* _WHAT YOU NEED TO DO_
Before writing anything, find the line that contains "Work on the", then retype the entries below exactly from their first line through that one, without pictures.

* _SUPPLIED DATA_
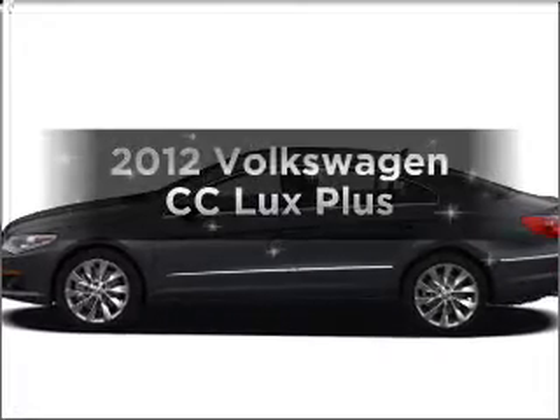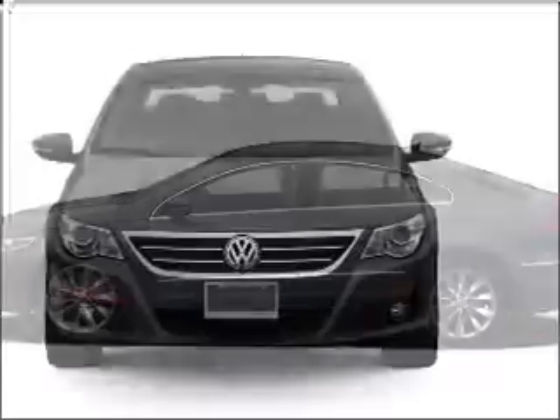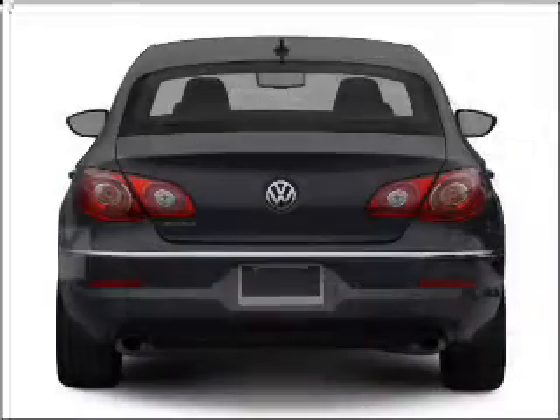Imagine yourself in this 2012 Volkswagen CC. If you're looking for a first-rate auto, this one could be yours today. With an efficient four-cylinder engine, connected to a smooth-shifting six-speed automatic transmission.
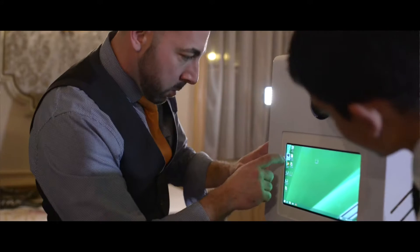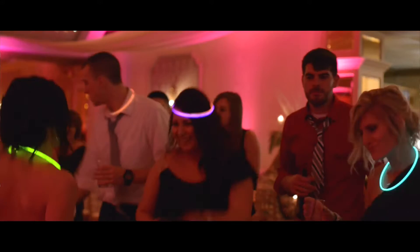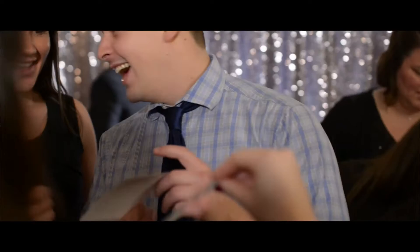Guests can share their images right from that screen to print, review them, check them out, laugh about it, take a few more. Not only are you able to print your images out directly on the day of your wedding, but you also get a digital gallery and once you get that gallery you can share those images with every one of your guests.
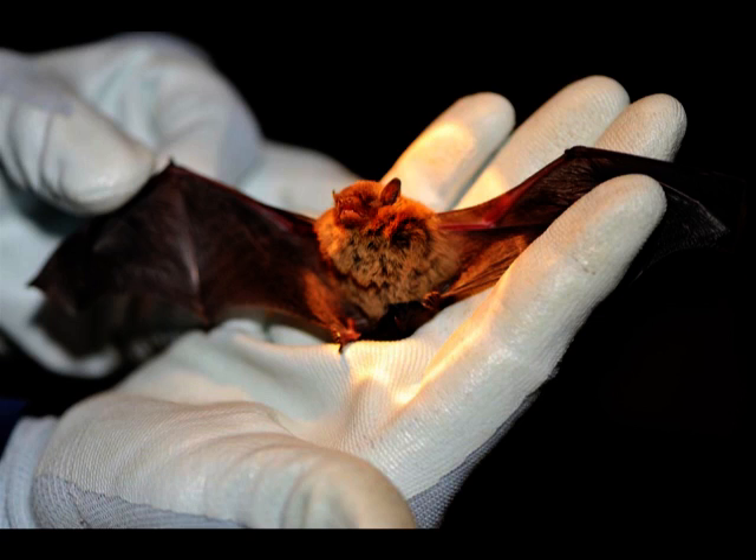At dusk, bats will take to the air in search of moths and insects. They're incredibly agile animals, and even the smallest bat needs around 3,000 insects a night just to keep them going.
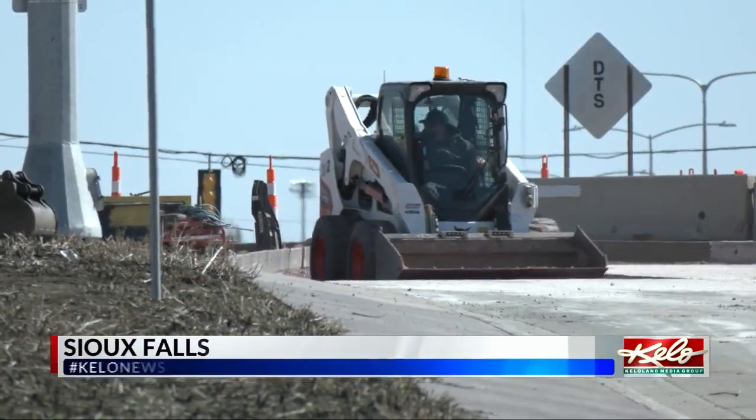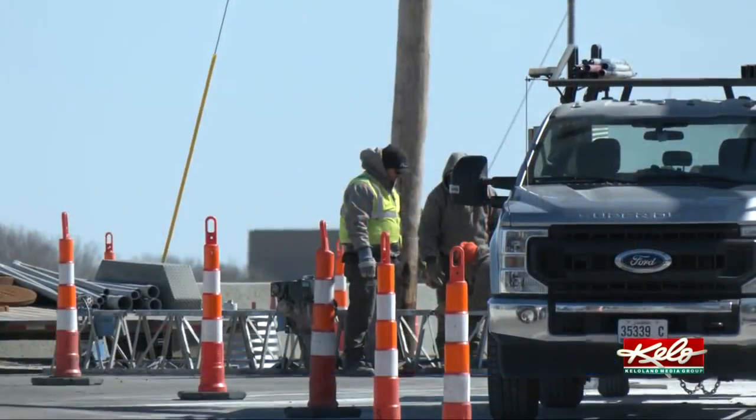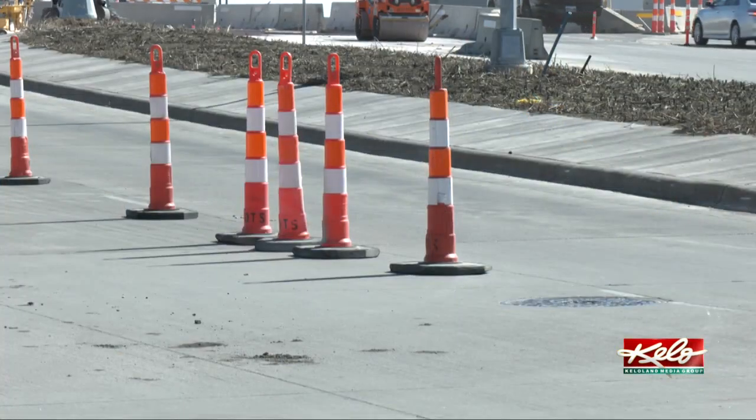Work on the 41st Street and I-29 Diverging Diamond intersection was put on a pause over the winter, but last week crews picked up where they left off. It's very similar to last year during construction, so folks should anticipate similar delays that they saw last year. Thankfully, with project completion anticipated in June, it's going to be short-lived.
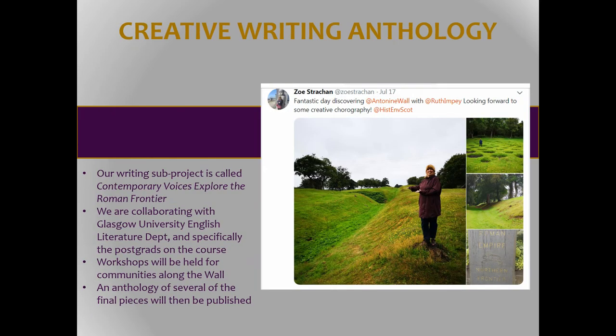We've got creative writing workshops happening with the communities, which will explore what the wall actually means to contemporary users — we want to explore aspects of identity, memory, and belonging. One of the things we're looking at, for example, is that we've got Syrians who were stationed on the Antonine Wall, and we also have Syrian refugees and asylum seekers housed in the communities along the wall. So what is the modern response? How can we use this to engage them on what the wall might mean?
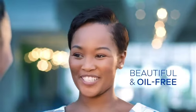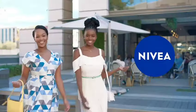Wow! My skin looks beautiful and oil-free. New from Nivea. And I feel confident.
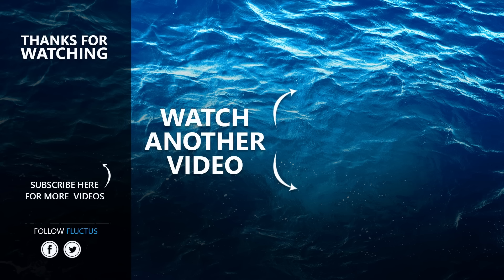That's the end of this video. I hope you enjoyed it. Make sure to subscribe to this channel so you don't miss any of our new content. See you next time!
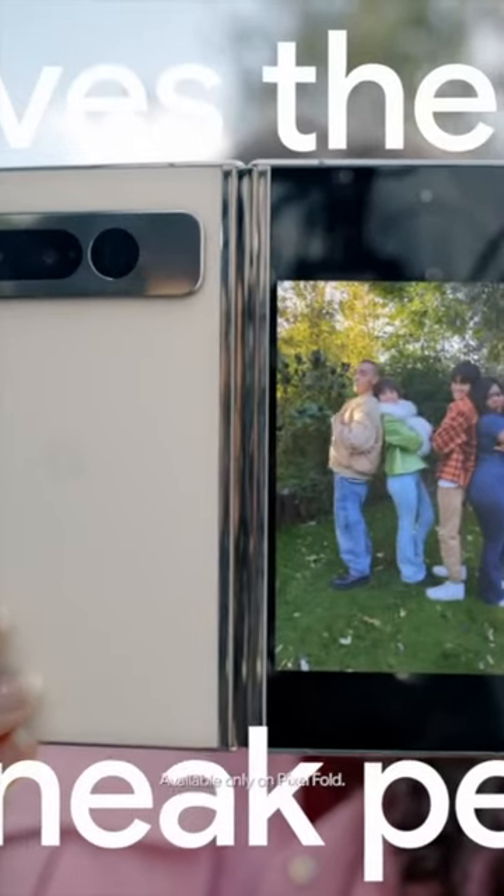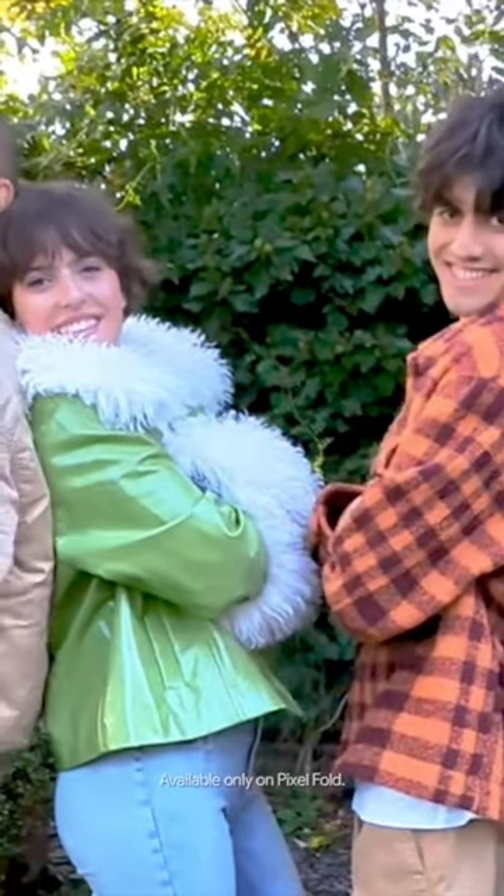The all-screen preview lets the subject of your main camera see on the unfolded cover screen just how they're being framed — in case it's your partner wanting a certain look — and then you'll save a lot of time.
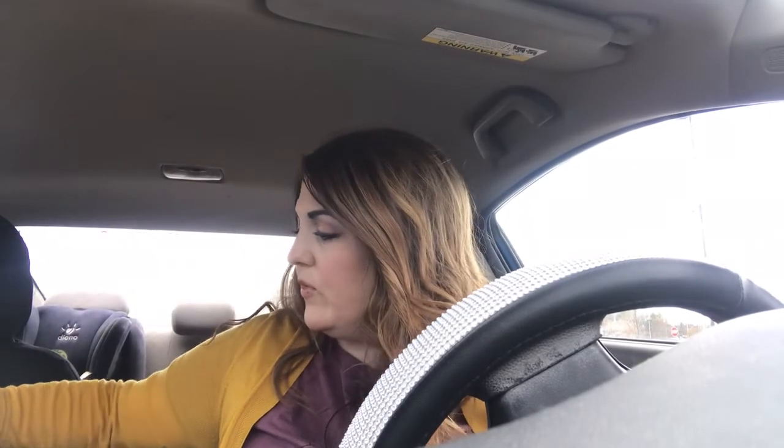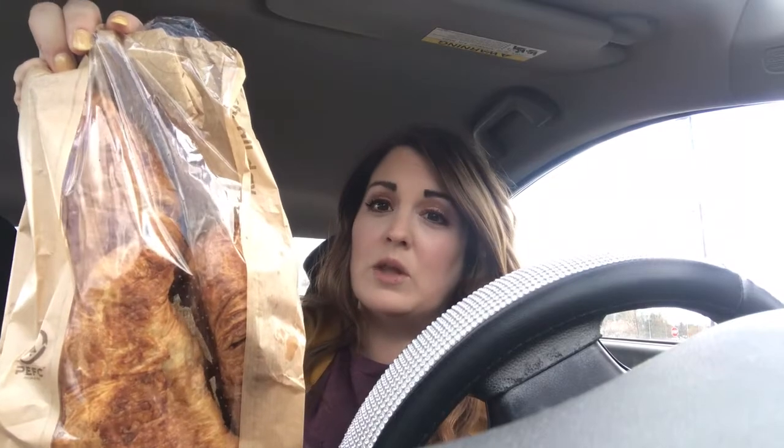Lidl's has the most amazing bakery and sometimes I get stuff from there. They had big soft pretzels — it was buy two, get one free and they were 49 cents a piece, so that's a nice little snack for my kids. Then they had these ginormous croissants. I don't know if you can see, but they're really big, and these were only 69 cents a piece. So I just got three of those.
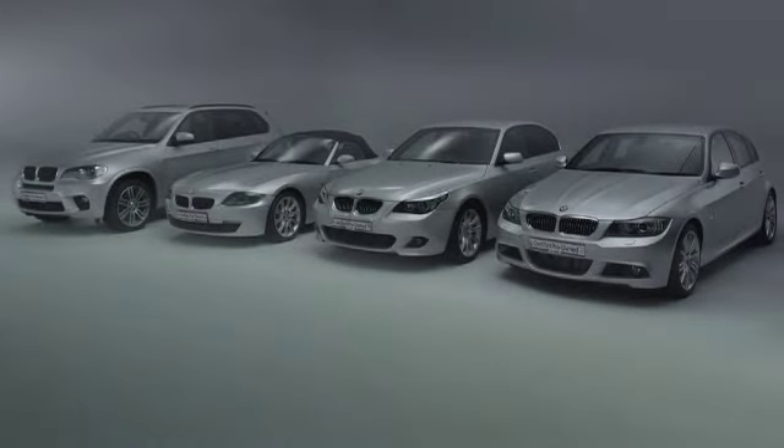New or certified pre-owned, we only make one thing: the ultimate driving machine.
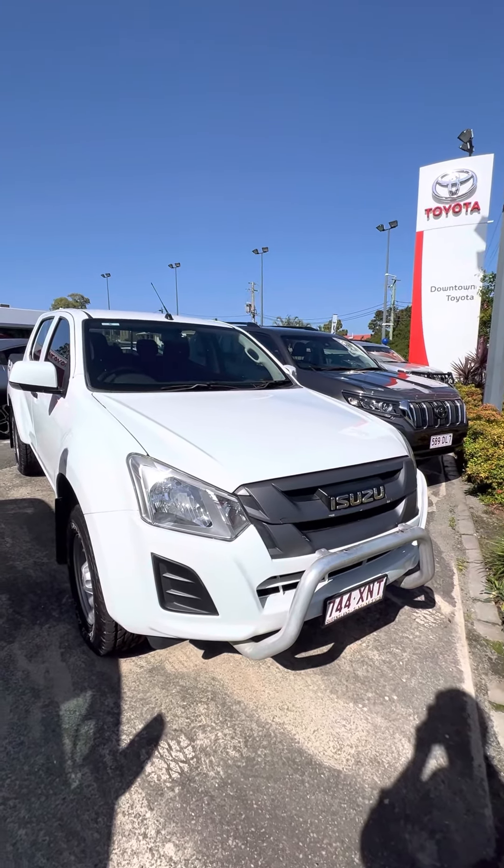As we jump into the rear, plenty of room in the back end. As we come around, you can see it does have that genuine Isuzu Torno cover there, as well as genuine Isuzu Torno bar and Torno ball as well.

* _ANSWER FOR THE TASK_
Imagine yourself in this 2012 Volkswagen CC. If you're looking for a first-rate auto, this one could be yours today. With an efficient four-cylinder engine, connected to a smooth-shifting six-speed automatic transmission.
Guests can share their images right from that screen to print, review them, check them out, laugh about it, take a few more. Not only are you able to print your images out directly on the day of your wedding, but you also get a digital gallery and once you get that gallery you can share those images with every one of your guests.
At dusk, bats will take to the air in search of moths and insects. They're incredibly agile animals, and even the smallest bat needs around 3,000 insects a night just to keep them going.
Work on the 41st Street and I-29 Diverging Diamond intersection was put on a pause over the winter, but last week crews picked up where they left off. It's very similar to last year during construction, so folks should anticipate similar delays that they saw last year. Thankfully, with project completion anticipated in June, it's going to be short-lived.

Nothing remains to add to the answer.